Conte: Le Rat et le Chat.

Le Rat et le Chat (1).
L’amitié du chat et du rat était, dit-on, sincère. Le chat ne mangeait pas de souris tout comme maintenant l’homme ne mange pas de chien, sans trop savoir pourquoi.
Un jour, le rat dit au chat : « Mon ami, j’aime jouer avec le feu ; je connais les mots magiques pour rendre la flamme peu chaude et inoffensive.
- Comment cela? s’enquit l’autre .
- Ecoute ,c’est très simple, répondit le rat. Mets-moi dans un tas de bois et mets le feu dessus; tu verras que je sortirai sain et sauf. Veux-tu me mettre à l’épreuve?
- Oui, dit le chat.
- Ecoute, tu verras comment je déplace les pattes ; comment je remue la queue ; comment je fais danser les moustaches, mouvoir les narines, rouler les yeux.
- Oui, dit le chat.
- Ecoute, il faut que tu sois bien attentif .Vois bien comment je gratte la terre, comment je ris. Ecoute, il faut te souvenir que tu dois chanter le « Rano,Rano » (2) toutes les fois que la flamme se fait sentir.
- Oui, dit le chat.
Alors le rat s’enfonça dans le tas de brindilles. «Ce n’est pas bien serré», déclara-t-il, quand il fut invisible. « Il faut ajouter deux ou trois gros morceaux ».

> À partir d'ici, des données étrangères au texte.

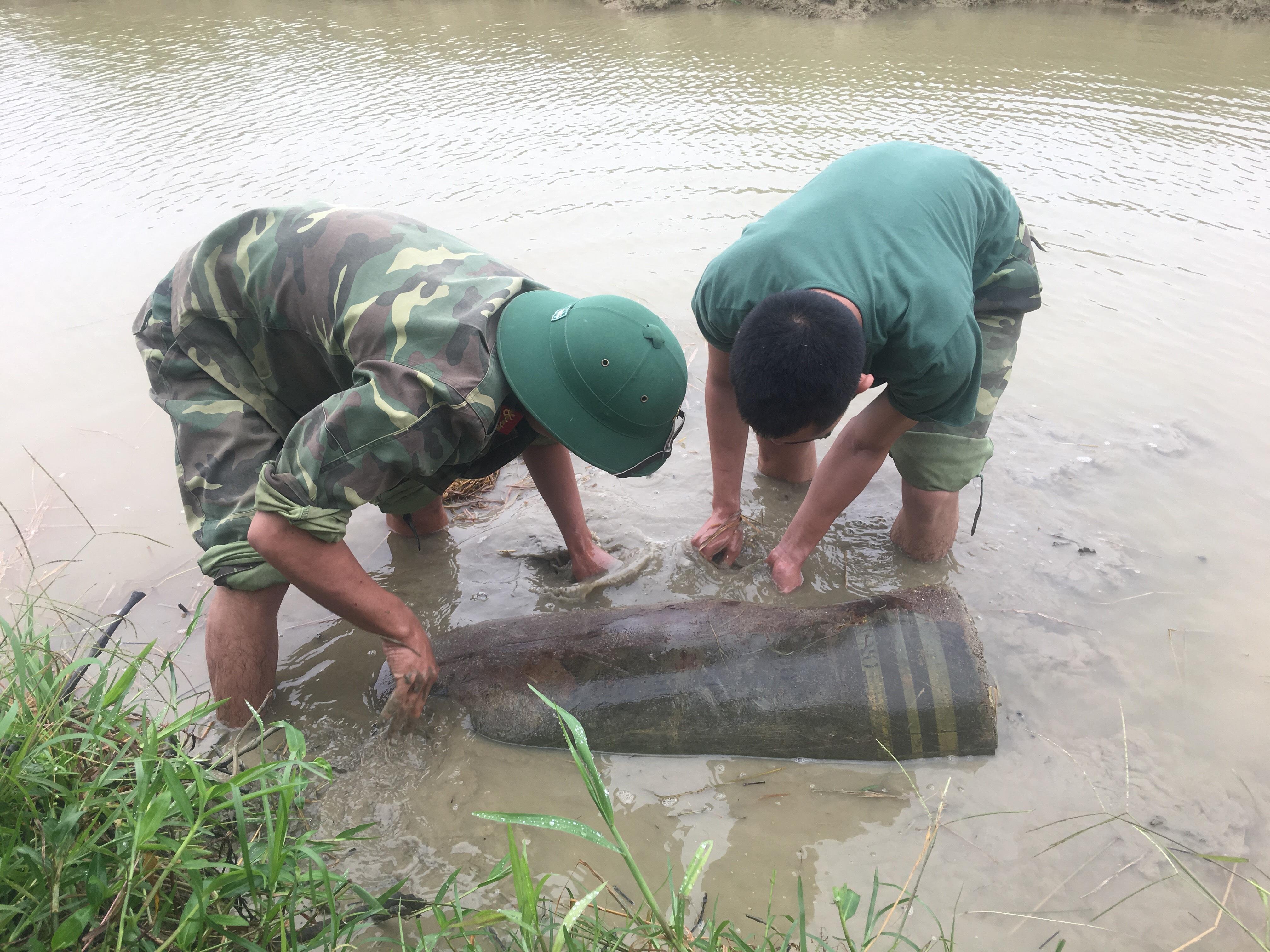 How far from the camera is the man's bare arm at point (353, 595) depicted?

- Ah! le diable, il va s’écraser, se dit le chat. Il mit pourtant les deux morceaux de bois.
- Ce n’est pas suffisant, ajouta le rat, car j’aperçois encore le soleil. Mets-en un peu plus.

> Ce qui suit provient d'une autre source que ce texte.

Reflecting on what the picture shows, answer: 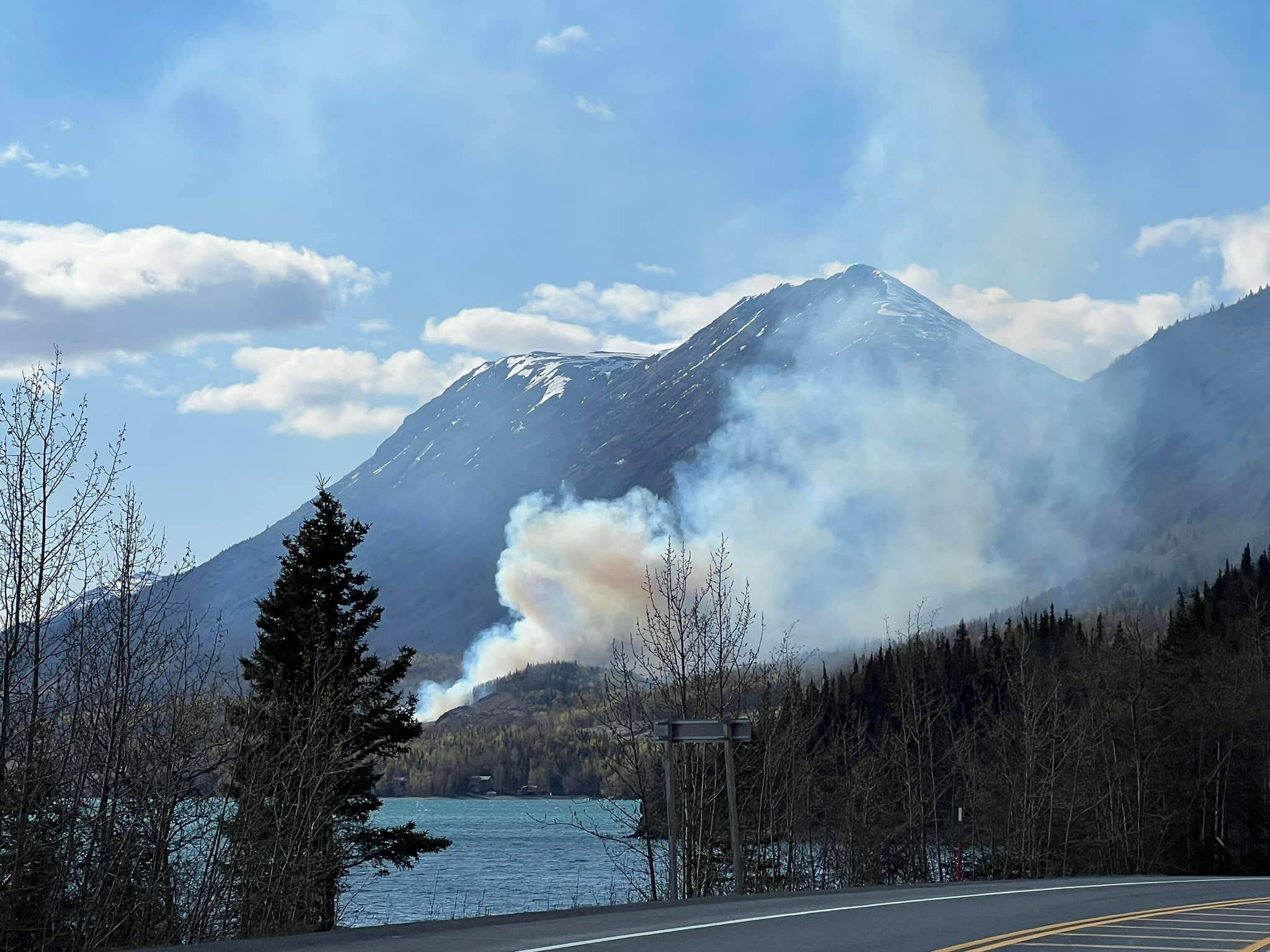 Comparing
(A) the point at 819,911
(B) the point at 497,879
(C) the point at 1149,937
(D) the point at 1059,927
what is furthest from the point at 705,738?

- Ah! Le diable, il va être écrasé, se dit encore le chat. Il ajouta quatre gros morceaux. Et puis il dit :
- « Alors ça y est, mon vieux….? »
Le rat répondit : «Vas-y, n’aie pas peur ».
Il avait gagné le temps nécessaire pour se creuser un trou. Le feu brûle, le rat est dans son trou, lançant parfois son magique « Rano, Rano » .
J’ entends encore sa voix et son chant, se dit le chat. « Es-tu encore en vie, mon vieux ? N’étouffes –tu donc jamais ? »
- Rano, Rano, lança le rat.
Quand tout fut éteint, le rat sortit .Tu vois, dit-il, au chat, je n’ai rien senti . Veux-tu essayer dans l’autre tas ?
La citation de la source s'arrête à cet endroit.